Augustine. Exposition on the Book of Psalms. Schaff, Philip (editor). New York: Christian Literature Publishing Col, 1886. Nicene and Post-Nicene Church Fathers: Series 1: Volume VIII. Re-published 2014, Catholic Way Publishing. Kindle electronic edition, ISBN-13: 978-1-78379-372-3.
In his introduction to Psalm 47, Augustine reminds his reader of the ascription “for the sons of Korah” and the meaning of the name Korah as “Bridegroom.” He thus ties this psalm’s ascription to the children of Christ, the crucified Bridegroom of the Church (Augustine Psalms, loc. 324316). This, Augustine says, was a place of childish mocking, but also an occasion to remember that Jesus invites children to come to him in faith.
In verse one, all nations are called to clap their hands. Again, Augustine finds this to signify the foolish disobedience of Israel but the recognition on the part of the nations of Christ as Lord (Augustine Psalms, loc. 324334). The “hands” signify the good works with which we rejoice in Christ. A reason for the rejoicing emerges in verse two where, by his resurrection, Jesus shows himself to be the Most High, again, not of the Jews only, but of all the nations, subdued under His feet (v. 3) (Augustine Psalms, loc. 324347). Augustine applies this victory of Christ also to the Church, which holds spiritual and charitable authority over all, placed in a position to succour believer and unbeliever alike (Augustine Psalms, loc. 324359).
According to verse four, the work of the Church can be seen as an inheritance from God. Augustine observes that as Esau became the servant of Jacob, the nations are cared for by the chosen people of God (Augustine Psalms, loc. 324365). This is a jubilant occasion (v. 5). All are to look to the God who has “gone up,” which Augustine very naturally applies to Christ (Augustine Psalms, loc. 324377). Again, verse six calls for praises, sung to God. He is the king of all (v. 7). Augustine consistently focuses on Jesus in his identity as God and King (Augustine Psalms, loc. 324402). According to verse 8, he will reign over the nations, as we see Christ doing, enthroned in heaven, sitting at the right hand of the Father. Augustine also identifies Christ’s throne in the heart of all his people, thus affirming an illocal presence of Jesus (Augustine Psalms, loc. 324414).
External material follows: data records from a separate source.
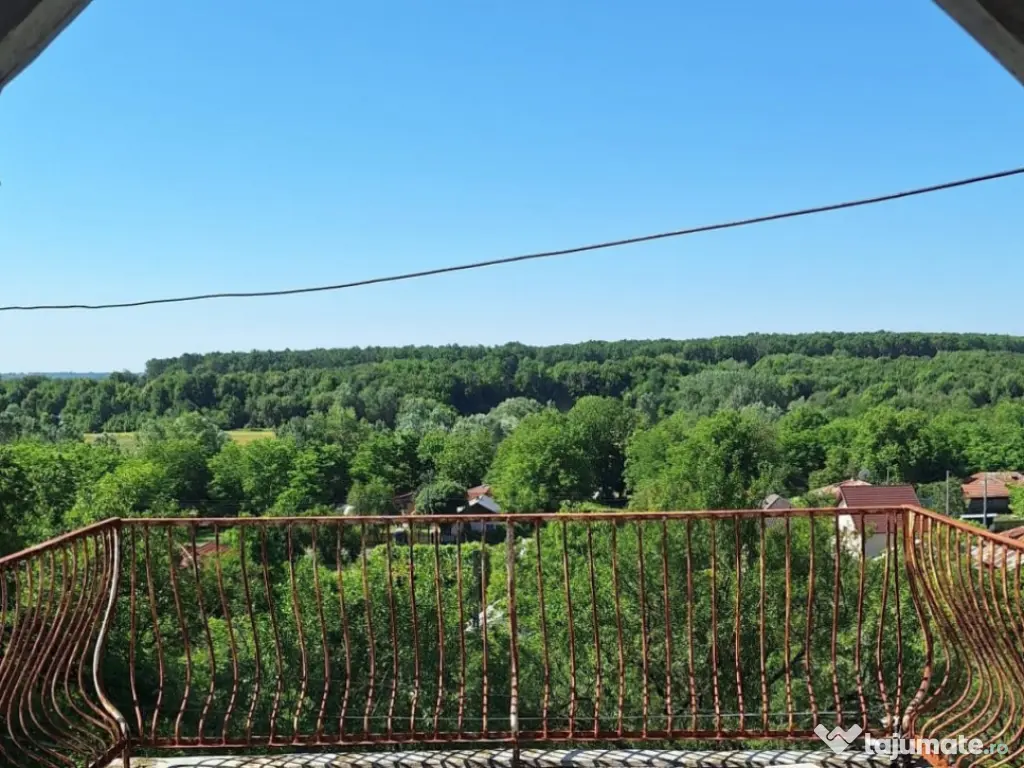 Moșia boierească din vârf de deal, Scorțeni - Prahova 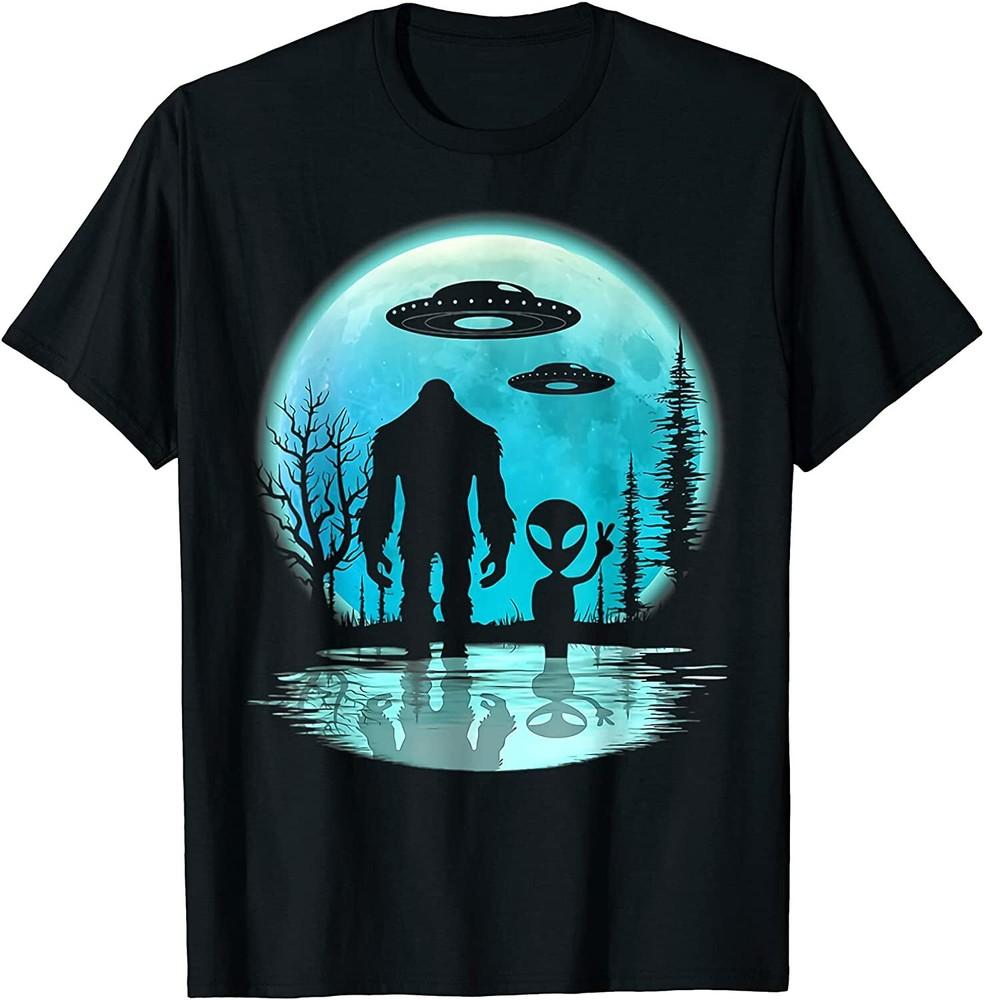 Bigfoot Alien UFO Moon Forest T-shirt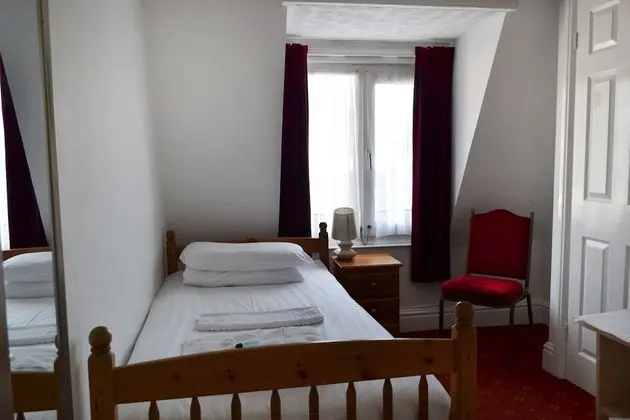 Tek Kişilik Oda, Ortak Banyo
In the end of Psalm 47, we see even princes gathered to God (v. 9). Augustine observes these are princes of nations, in the plural, people of honor from many places gathered in faith before the Lord, recognizing God’s authority (Augustine Psalms, loc. 324426). As they recognize the Lord they become His people, like Abraham. They too are able to gather in Christ’s kingdom, grafted in from every nation.